This Java 21 project benchmarks a simple Spring Boot 3.4 microservice using configurable scenarios, comparing Java Virtual Threads (introduced by Project Loom, JEP 444) using Tomcat and Netty with Spring WebFlux (relying on Project Reactor) using Netty.
All benchmark results below come from a dedicated bare metal test environment. The benchmark is also scheduled to run monthly on GitHub-hosted runners, using all combinations of (Ubuntu 22.04, Ubuntu 24.04) and (Java 21, Java 23).
Both Spring WebFlux and Virtual Threads are alternative technologies to create Java microservices that support a high number of concurrent users, mapping all incoming requests to very few shared operating system threads. This reduces the resource overhead incurred by dedicating a single operating system thread to each user.
Spring WebFlux was first introduced in September 2017. Virtual Threads were first introduced as preview feature with Java 19 and were fully rolled out with Java 21 in September 2023.
Note
In a nutshell, the benchmark results are:
Virtual Threads on Netty (using blocking code) showed very similar and often superior performance characteristics (latency percentiles, requests per second, system load) compared with WebFlux on Netty (using non-blocking code and relying on Mono and Flux from Project Reactor):
- Virtual Threads on Netty was the benchmark winner for ca. 40% more combinations of metrics and benchmark scenarios than Project Reactor on Netty.

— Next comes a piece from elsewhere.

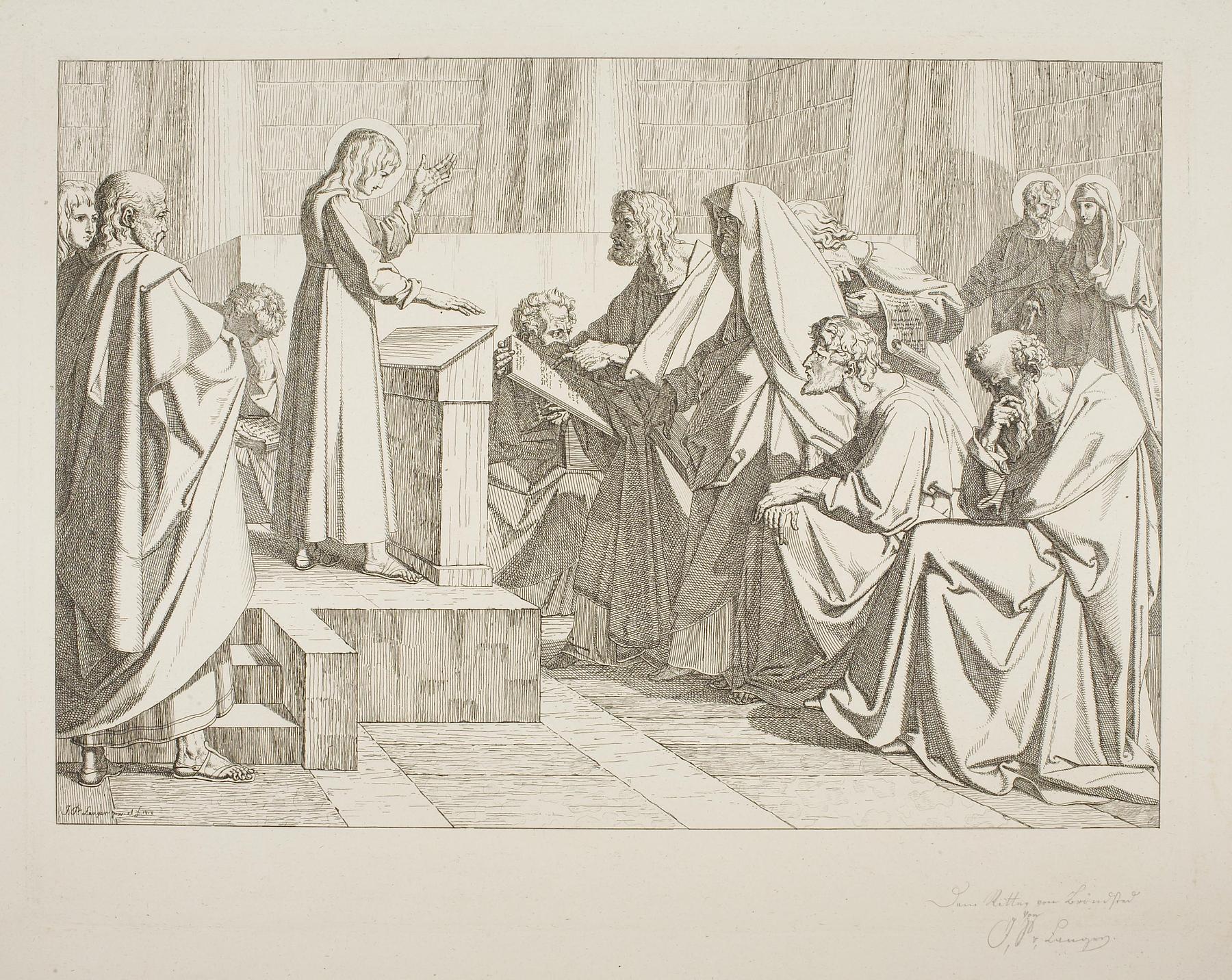 Den tolvårige Jesus i templet, E809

- For all high user count scenarios, it had the lowest latency as well as the largest number of requests for the entirety of each benchmark run.

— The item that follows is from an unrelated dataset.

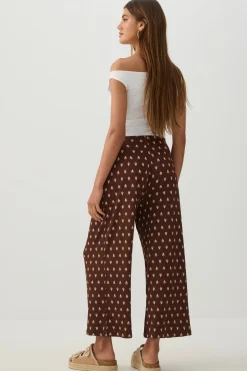 Knit Crepe Culottes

- In many cases (e.g. 60k-vus-smooth-spike-get-post-movies), the 90th and 99th percentile latencies (P90 and P99) were considerably lower for Virtual Threads on Netty when compared with WebFlux on Netty.
- For both approaches, we could scale up to the same number of virtual users (and thus TCP connections) before exhausting the CPU and running into time-outs due to rejected TCP connection requests.
Virtual Threads on Tomcat are not recommended for high load:
- We saw considerably higher resource use compared with the two Netty-based approaches.
- There were many time-out errors as visualized by red dots in the charts, even when the CPU use was far below 100%. In contrast, none the Netty-based scenarios experienced any errors, even with a CPU use of 100%.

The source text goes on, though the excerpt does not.